The line containing "1C4NJPBBXED752685 Jeep Patriot Sport" and every line after it, through the end of the material: copy these exactly and nothing else, leaving pictures out.

◆ **Extracted data**
━━━━

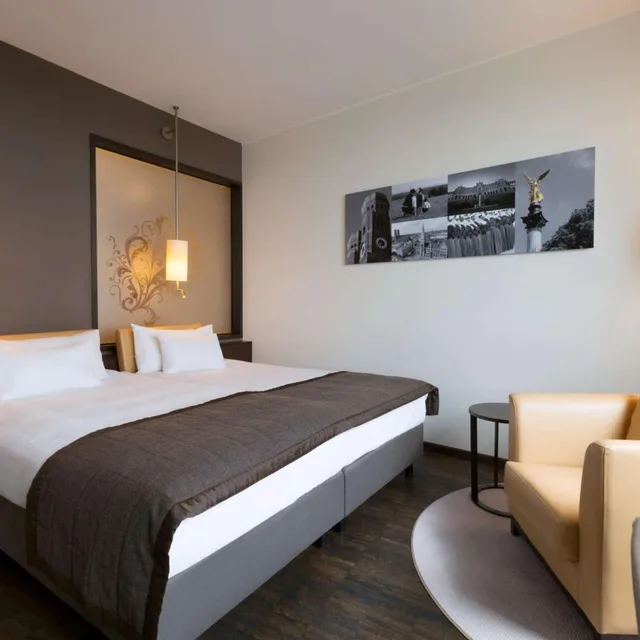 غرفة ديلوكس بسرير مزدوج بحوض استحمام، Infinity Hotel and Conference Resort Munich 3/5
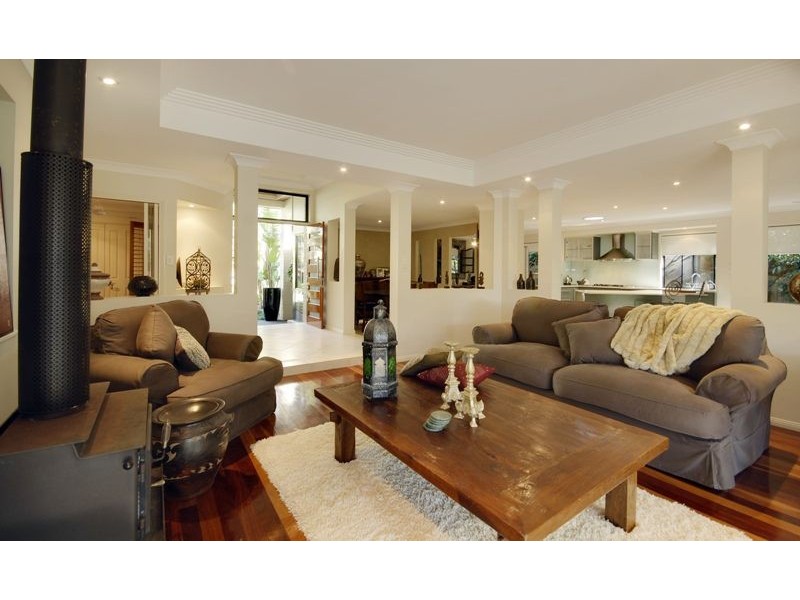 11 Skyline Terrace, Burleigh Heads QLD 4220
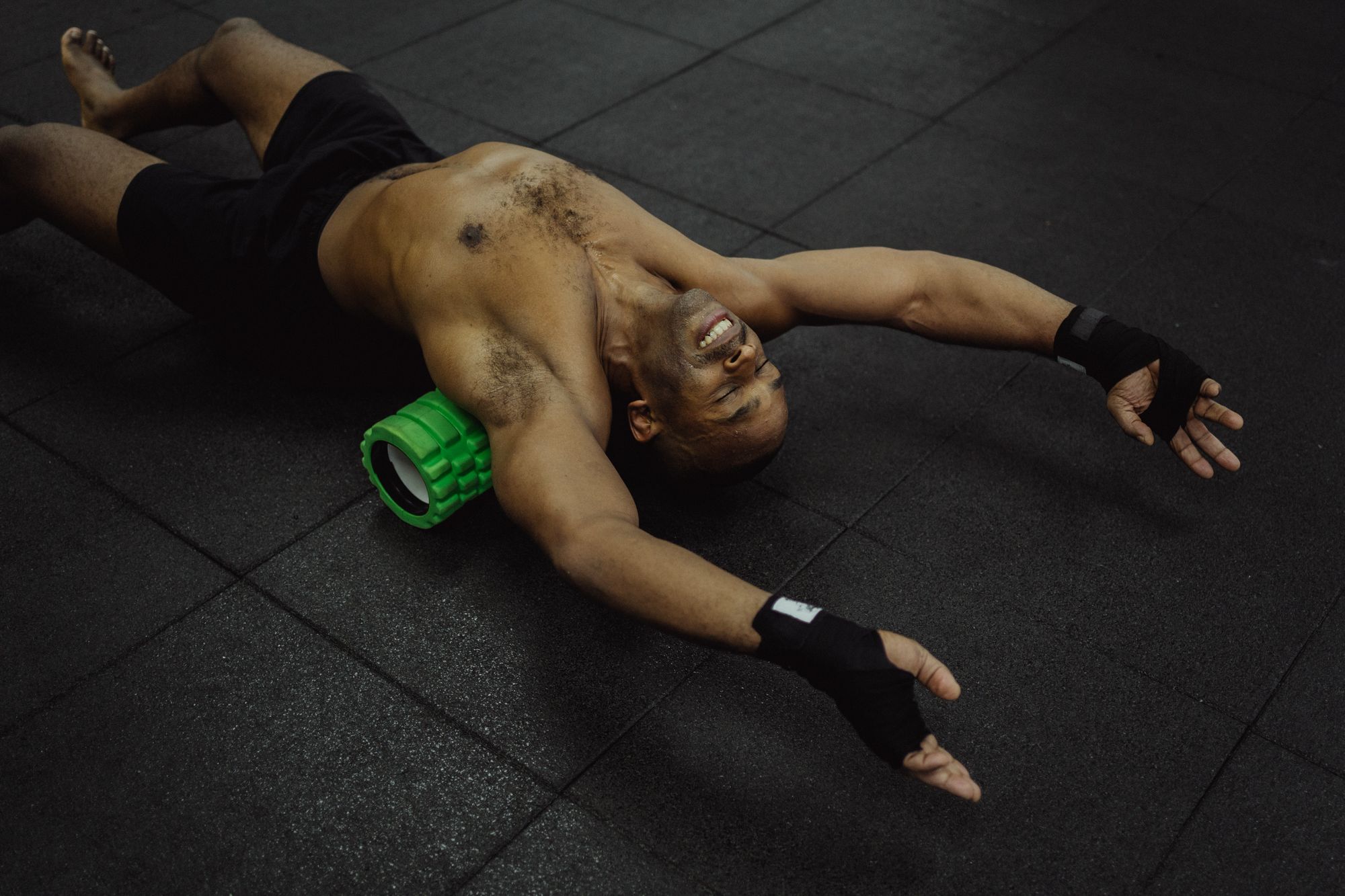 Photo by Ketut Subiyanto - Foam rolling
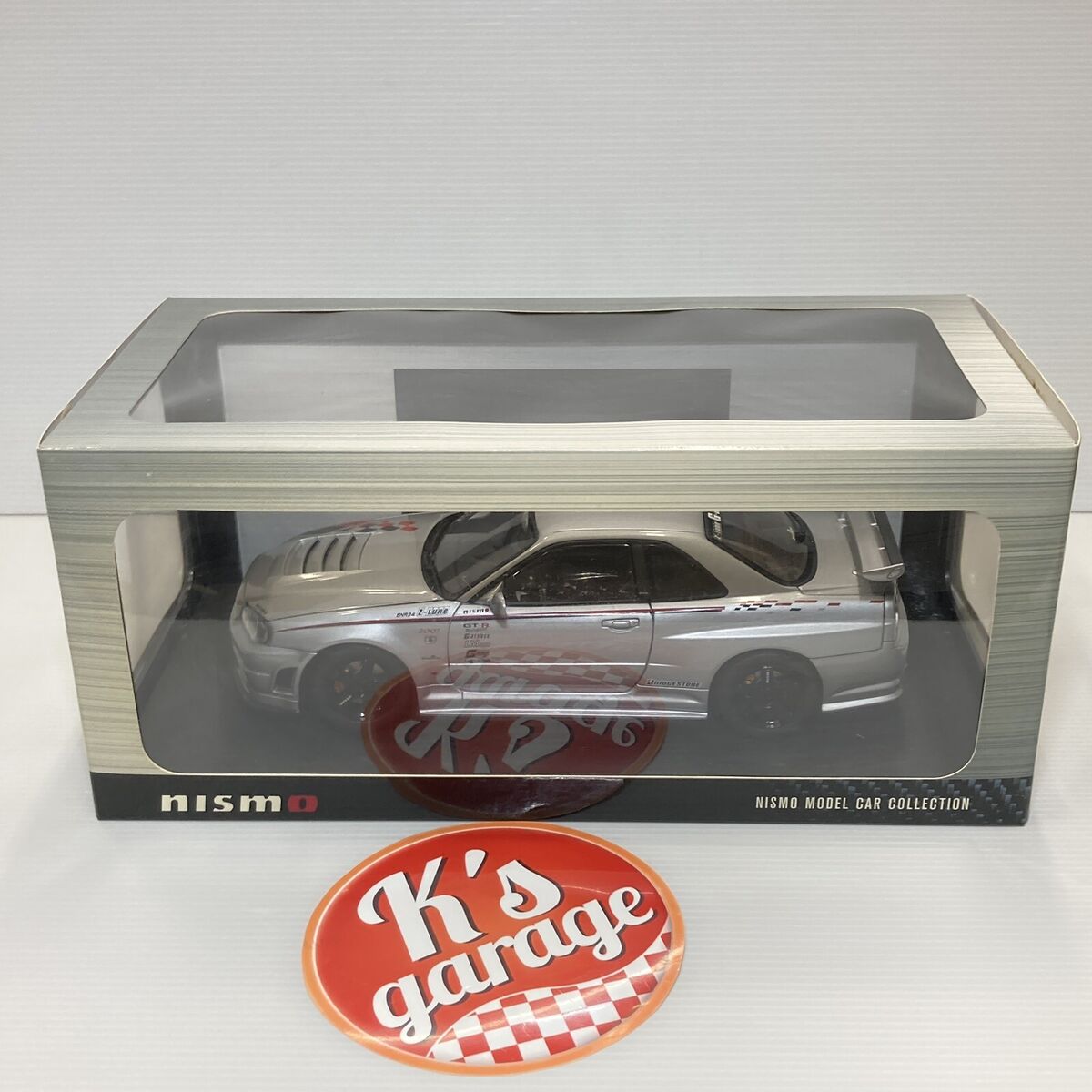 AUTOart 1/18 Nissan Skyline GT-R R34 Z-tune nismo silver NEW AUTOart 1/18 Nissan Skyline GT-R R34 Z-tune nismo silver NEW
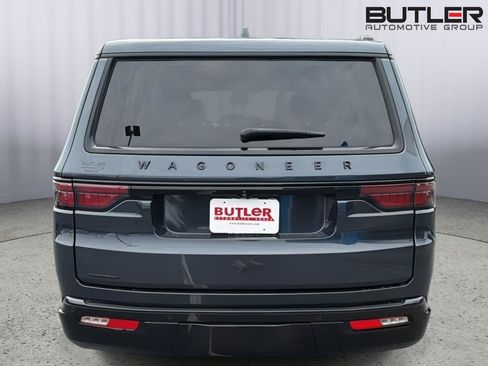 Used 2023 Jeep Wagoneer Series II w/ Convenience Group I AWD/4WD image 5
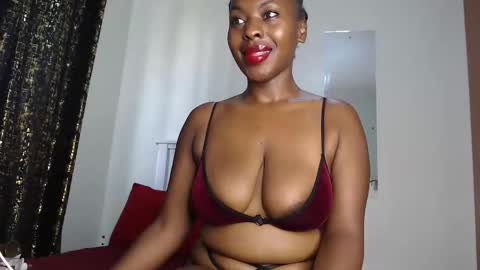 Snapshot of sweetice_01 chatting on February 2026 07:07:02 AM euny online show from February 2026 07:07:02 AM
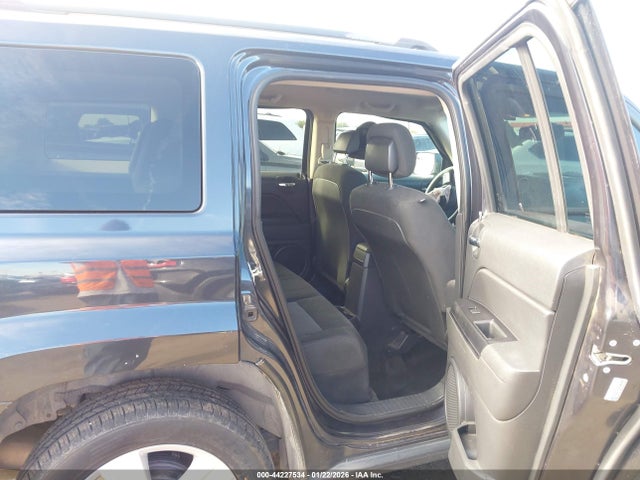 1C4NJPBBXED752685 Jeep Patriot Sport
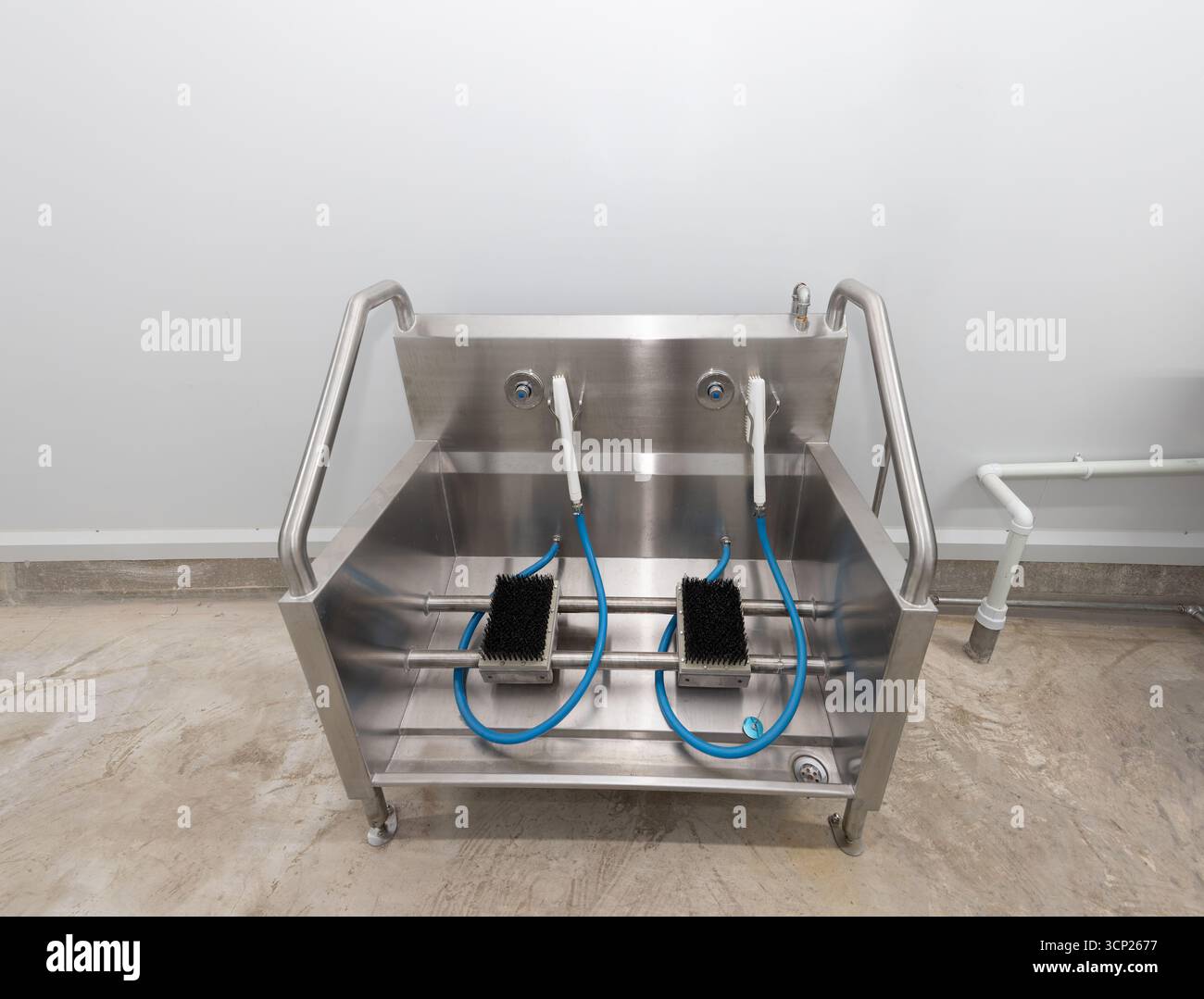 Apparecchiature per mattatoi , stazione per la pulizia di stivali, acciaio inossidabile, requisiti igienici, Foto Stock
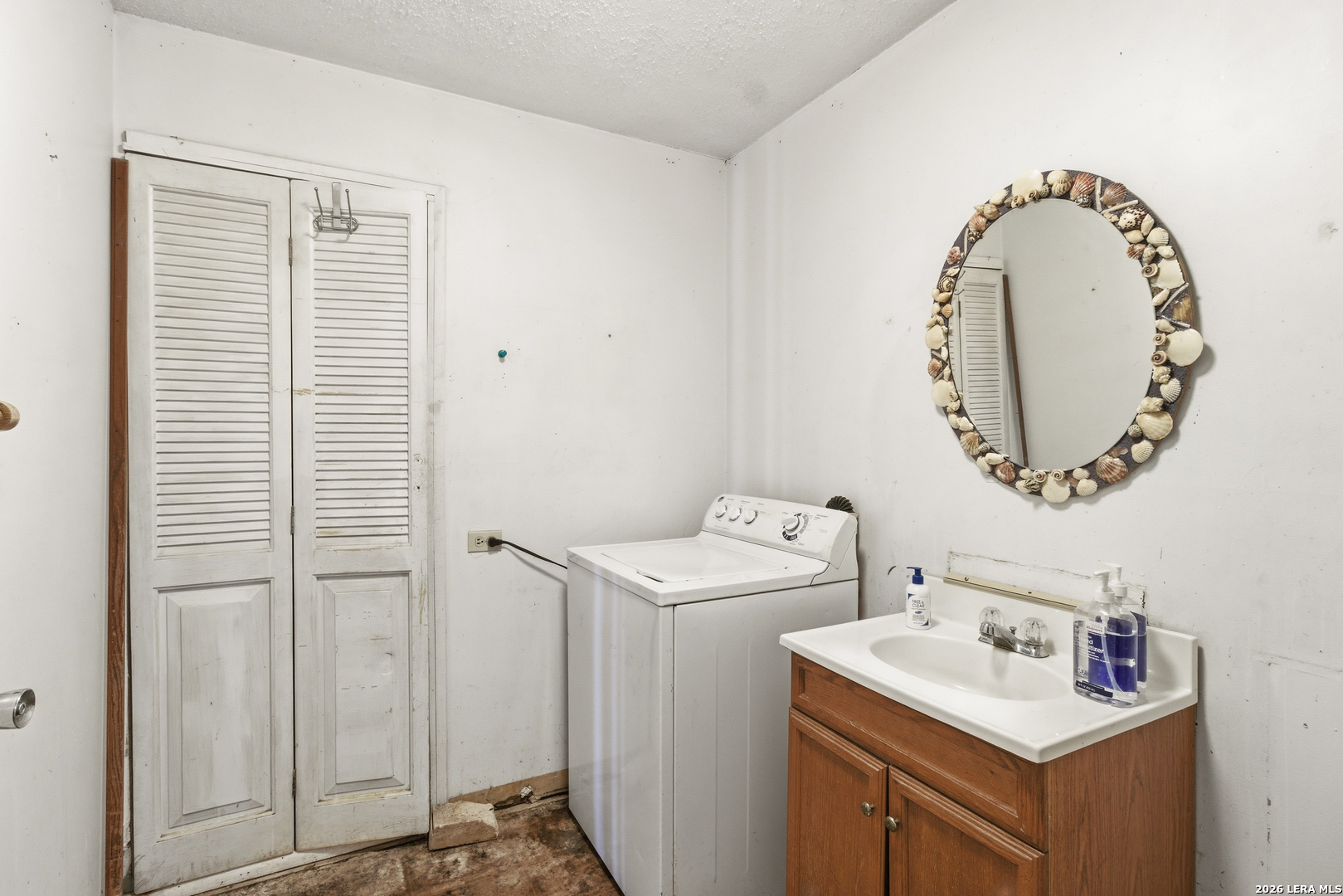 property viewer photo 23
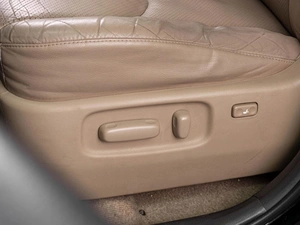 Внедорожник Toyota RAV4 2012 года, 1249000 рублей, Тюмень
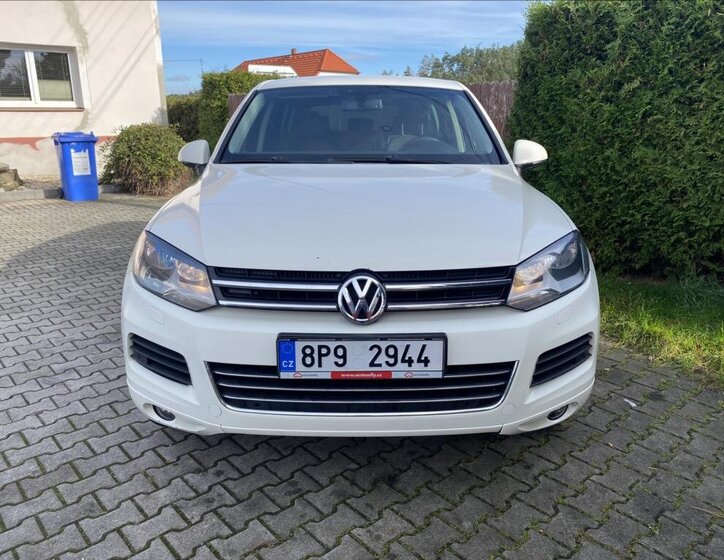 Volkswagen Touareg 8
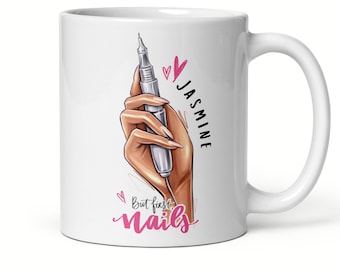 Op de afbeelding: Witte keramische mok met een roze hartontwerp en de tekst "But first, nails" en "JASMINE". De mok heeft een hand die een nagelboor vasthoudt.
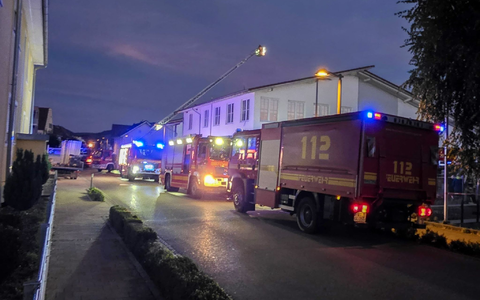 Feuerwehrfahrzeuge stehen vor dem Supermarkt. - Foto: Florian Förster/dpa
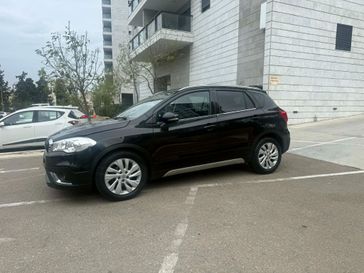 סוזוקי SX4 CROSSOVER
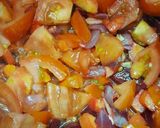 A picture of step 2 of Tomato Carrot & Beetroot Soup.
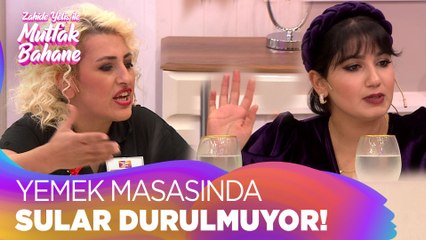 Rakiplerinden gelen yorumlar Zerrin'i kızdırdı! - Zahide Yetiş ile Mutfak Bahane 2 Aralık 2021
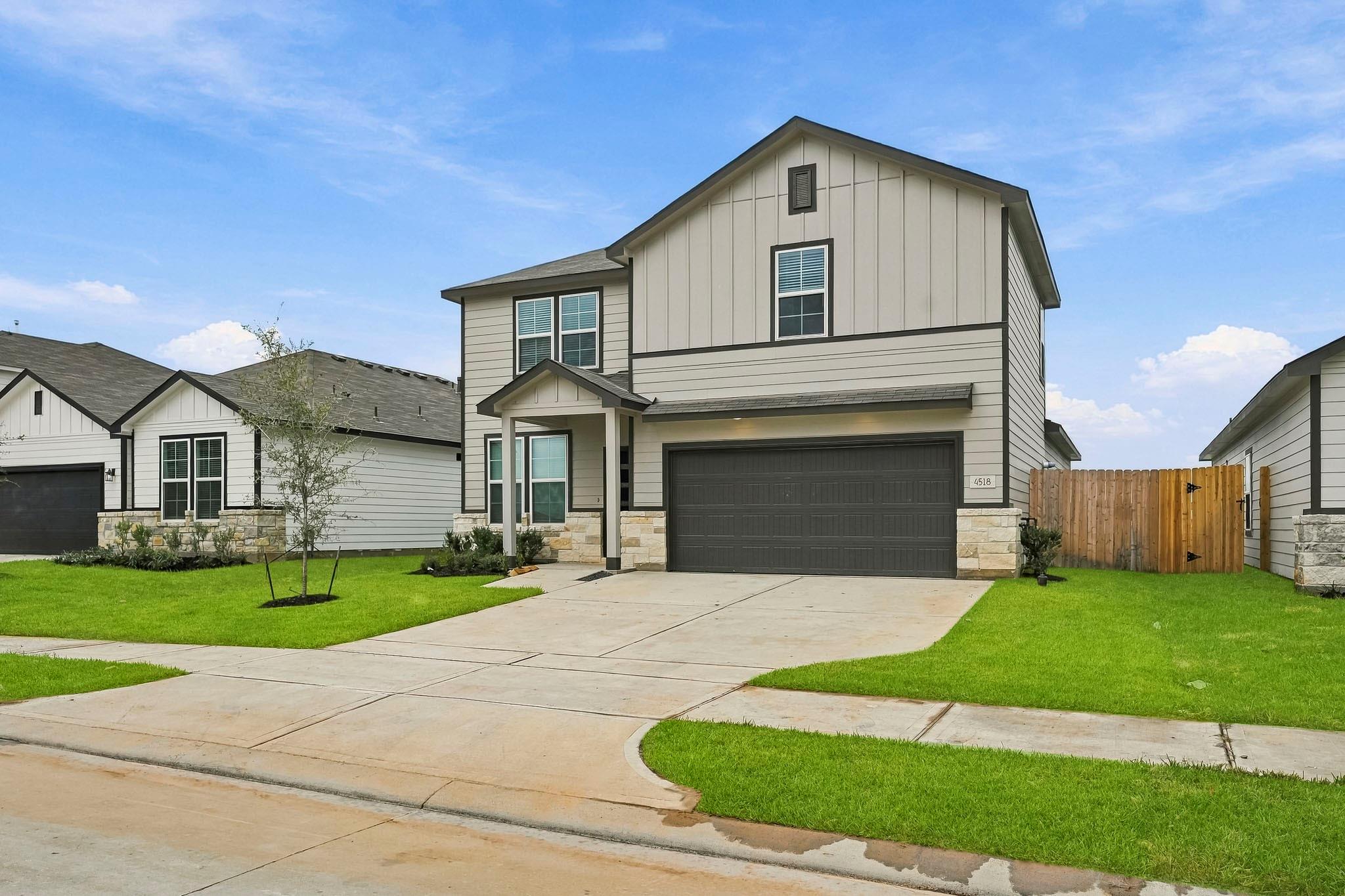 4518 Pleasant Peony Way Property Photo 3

━━━━

◆ **Written solution**
 1C4NJPBBXED752685 Jeep Patriot Sport
 Apparecchiature per mattatoi , stazione per la pulizia di stivali, acciaio inossidabile, requisiti igienici, Foto Stock
 property viewer photo 23
 Внедорожник Toyota RAV4 2012 года, 1249000 рублей, Тюмень
 Volkswagen Touareg 8
 Op de afbeelding: Witte keramische mok met een roze hartontwerp en de tekst "But first, nails" en "JASMINE". De mok heeft een hand die een nagelboor vasthoudt.
 Feuerwehrfahrzeuge stehen vor dem Supermarkt. - Foto: Florian Förster/dpa
 סוזוקי SX4 CROSSOVER
 A picture of step 2 of Tomato Carrot & Beetroot Soup.
 Rakiplerinden gelen yorumlar Zerrin'i kızdırdı! - Zahide Yetiş ile Mutfak Bahane 2 Aralık 2021
 4518 Pleasant Peony Way Property Photo 3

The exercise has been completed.